On my first amendment, the Minister said that we can leave it to the county and district councils to sort out. I would be perfectly happy with that. It is not what the Bill says. It says that the district council gets involved as a planning authority. I accept that planning functions impinge on everything else, but it should get involved as a local authority with all its functions in so far as they are relevant. An enormous number, perhaps most, of district functions are relevant to economic development, prosperity and regeneration. It would therefore be better to put a statement that the district council will co-operate with the county council as an authority, not as a planning authority, in the Bill. That is a fairly simple thing that the Government might think about, rather than just saying that I am wrong. I am not in this instance.

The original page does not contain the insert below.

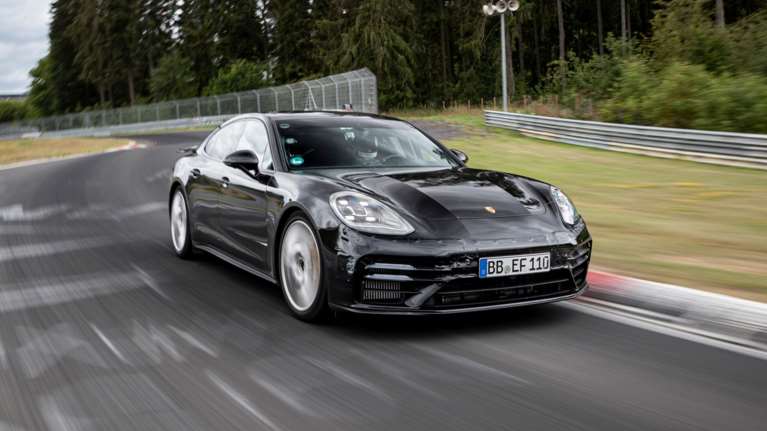 Η νέα Porsche Panamera &quot;γράφει&quot; χρόνο 7:29.81 στο Nurburgring (+video)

The Minister also said that boundaries should be based on economic geography, and there is a lot of sense in that. Very often the county is the economic unit, but it can also be a group of smaller unitary authorities. But it is also true, and here I admit that my experience is very much coloured by my own county of Lancashire, that the economic unit is smaller than a large county. That must be the case for some of the bigger counties in the south as well. For example, in Lancashire it is generally accepted and understood that our economic units are central Lancashire, the Fylde coast in west Lancashire and east Lancashire, now known as Pennine Lancashire. In these areas the districts are traditionally strong because they used to be boroughs or county boroughs and have played a large part in driving economic development. In Burnley, which the noble Lord knows well, the borough council is as important as the county council in the attempt to rescue the local economy from the decline of the past decades. The borough council is the driver behind local projects, not the county council. It is a fact of life in areas like Burnley, and I do not think the Government understand that as well as people on the ground might.
Local Democracy, Economic Development and Construction Bill [HL]
Proceeding contribution from
Lord Greaves
(Liberal Democrat)
in the House of Lords on Monday, 9 February 2009.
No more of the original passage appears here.